DR GOVINDAN: So when we do this whole genome sequencing, we can actually do this, especially deep digital sequencing, we can look for the variant allele frequency. So this is actually fairly standard stuff now in genomic studies. So if you have these tumors, when you look at all this mutation prevalence, you can look for the population of cells that are clustered together with the variant allele frequencies. And EGFR mutation will always be the highest number expressed in the very early cells that have evolved. And this is the concept of clonal evolution. So EGFR mutation is something that starts off. And so in every subpopulation, you will find EGFR-mutant clones.

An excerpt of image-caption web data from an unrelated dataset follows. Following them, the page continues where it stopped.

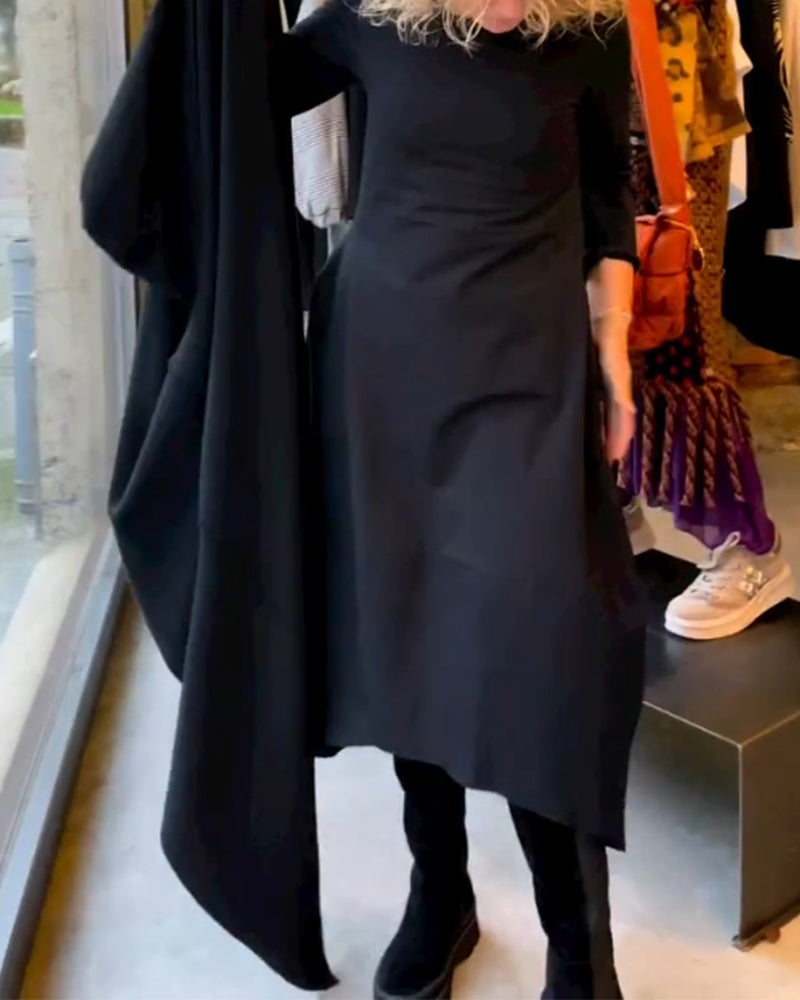 Clara | Autumn Midi Dress with Pockets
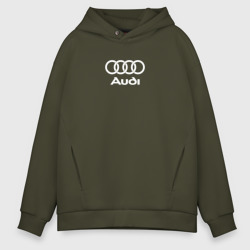 Мужское худи Oversize хлопок Audi Ауди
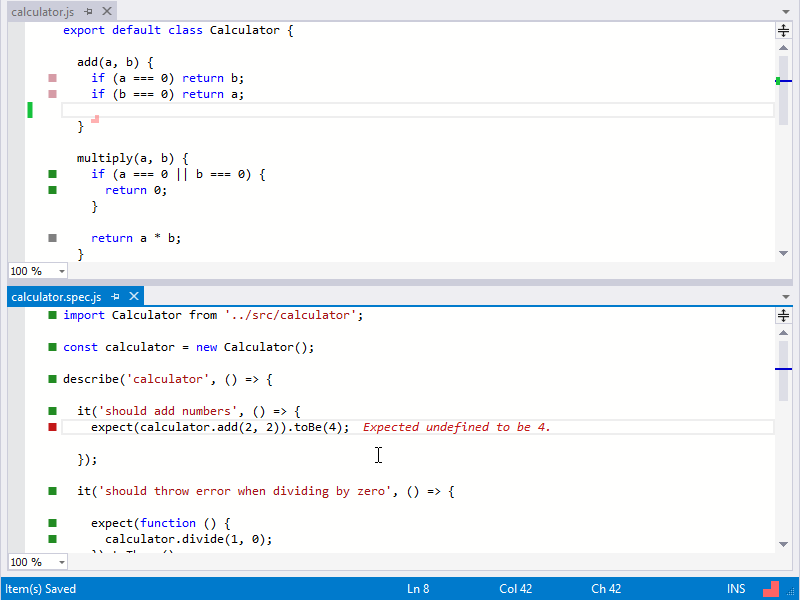 Realtime code coverage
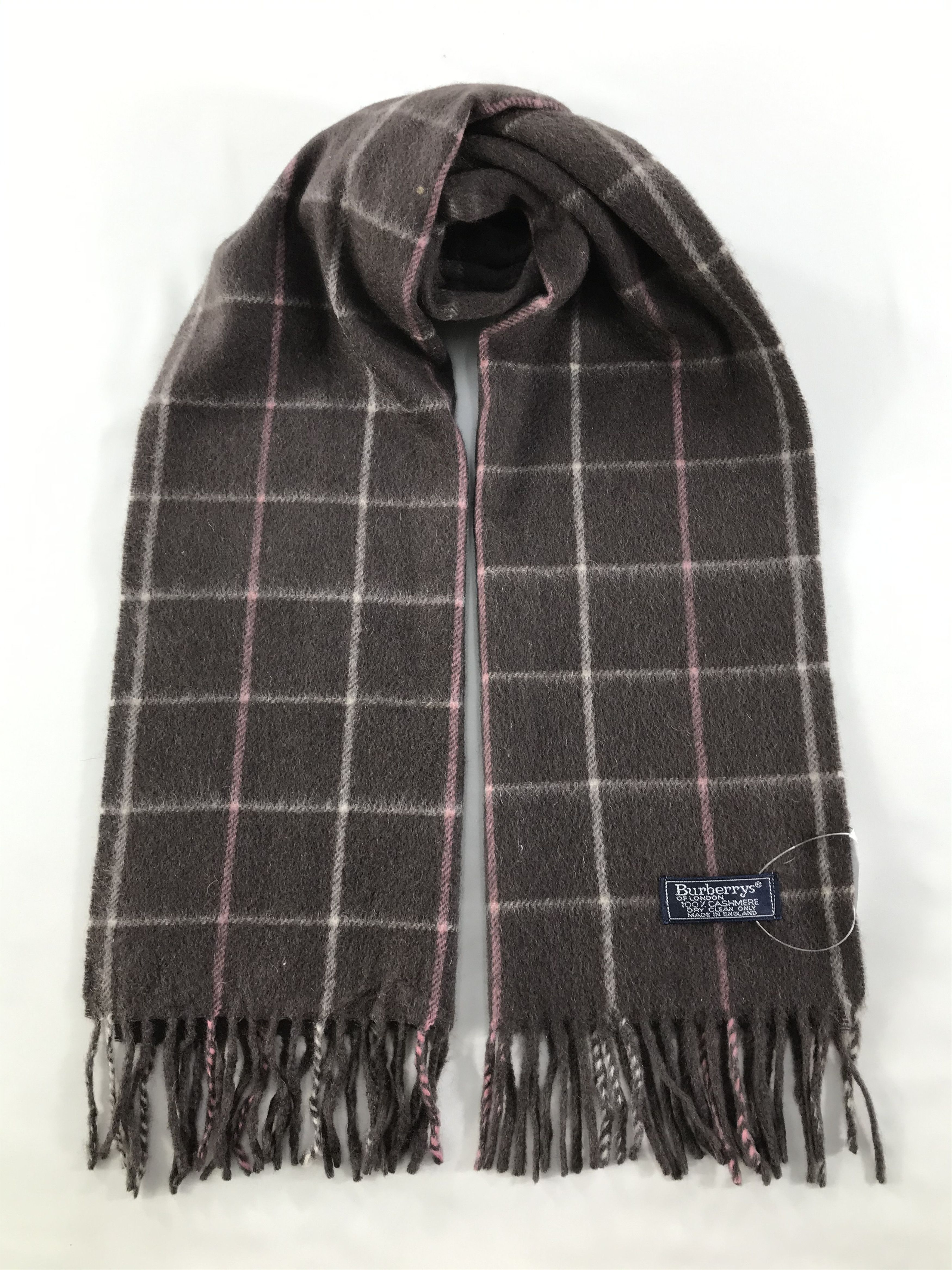Burberry Vintage Burberry Scarf/Muffler/Neckwear MF1285 Size ONE SIZE - 1 Thumbnail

DR LOVE: Same thing with ALK?
DR GOVINDAN: ALK, we don’t know. We haven’t studied ALK to the extent — I can talk about EGFR confidently. But most importantly, when we biopsy these patients who have been on EGFR TK inhibitors, who are already EGFR mutations, we have never seen the sensitive mutation disappear. In other words, the exon 19 deletion will always be there. It was there, if it was there before. And what happened is subclones evolve, but the original clone that had the EGFR mutation never disappears. And so that’s why we have this problem. If you don’t treat them, that clone will expand, and that’s where you see in studies when there is a treatment break from EGFR TK inhibitors, when you start them back again, you see some tumor shrinkage.
Because the sensitive clone never goes away, it’s just been overrun by other clones, people like us tend to keep them on erlotinib. I don’t think that this is something that we can say, “You have to stop,” or, “You have to continue,” because what happens is if you don’t continue erlotinib when they have disease progression, at some point, if you’ve given them a break after 3 or 4 or 5 months, you can go back and re-treat them. You will see some decrease in tumor size. That’s because now the sensitive clone has expanded even more, because it’s biologically a more advantageous growth pattern. So that’s why we will never settle this issue by doing the studies, biologically.
Like the progression-free survival improves with EGFR TK inhibitors in the front line, but you never improve overall survival. So you can either give it at the time of disease progression, continue it, or you can do it much later after a break. So I don’t think there’s one way or the other we can say this is the right thing to do.